Tapi, tak terhitung lagi berapa kilometer dilalui, tanya di kepala makin mengemuka: kenapa begitu jauh? Sepasang suami istri baru keluar dari ladang jeruk mereka. Sepertinya mereka heran. Tanpa menunggu waktu, tanyapun disodorkan.

“Memang betul jalan ini ke Siosar. Tapi, masih jauh. Lebih dekat dari Kacinambun,” kata mereka.

“Bisa saja kalau mau lewat dari sini, tapi jalanannya rusak, tidak bagus. Ada juga yang lewat sini kalau mau ke sana, tapi jarang. Kemarin itu, ada bapak-bapak coba lewat sini, tapi balik lagi karena jalannya rusak. Kembali saja kam (kamu) ke Kacinambun, lebih bagus lewat sana.

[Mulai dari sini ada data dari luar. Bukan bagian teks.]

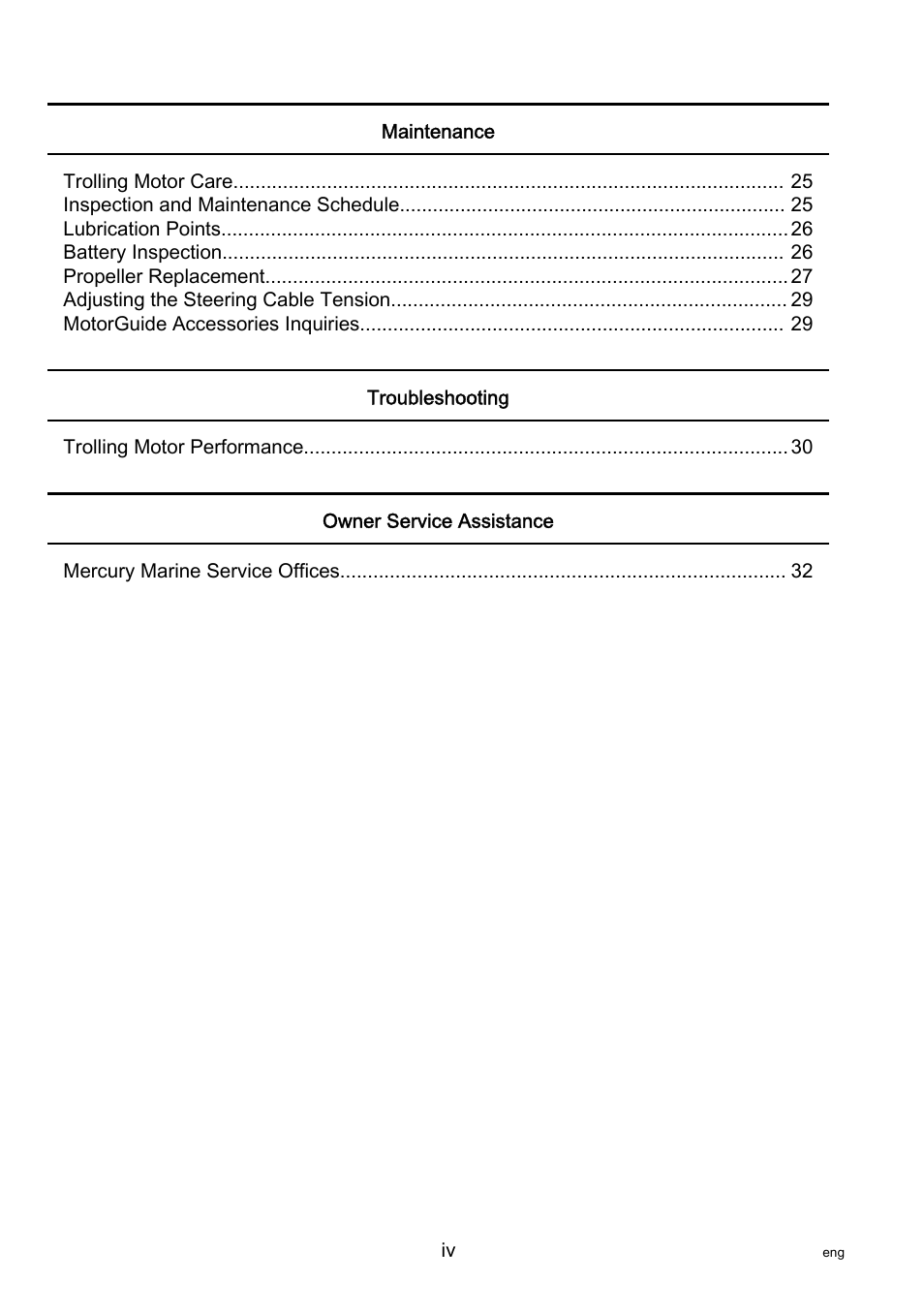 MotorGuide X3-40 User Manual | Page 4 / 36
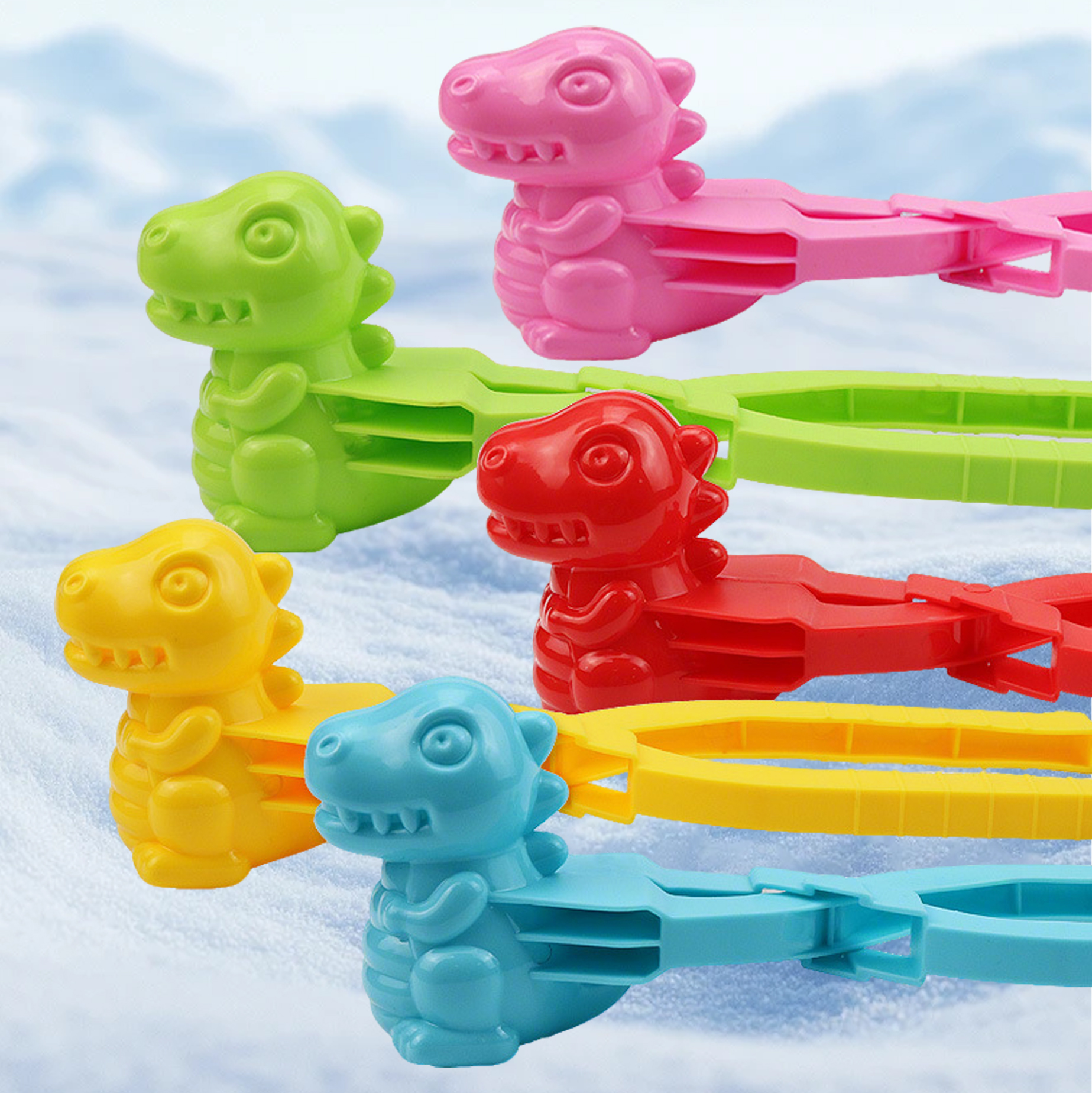 Dinosaur-Shaped Snowball Clip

Apalagi kam naik kereta kecil (sepeda motor),” sambung mereka.

Pasangan suami istri itu senyum-senyum sendiri. “Kalau dari sini, sampai kam nanti di jambur Kacinambun itu, belok kiri. Setelah itu, ikuti saja jalan itu terus. Jadi kalau kam dari Medan, lurus saja pas sampek jambur itu,” terang mereka.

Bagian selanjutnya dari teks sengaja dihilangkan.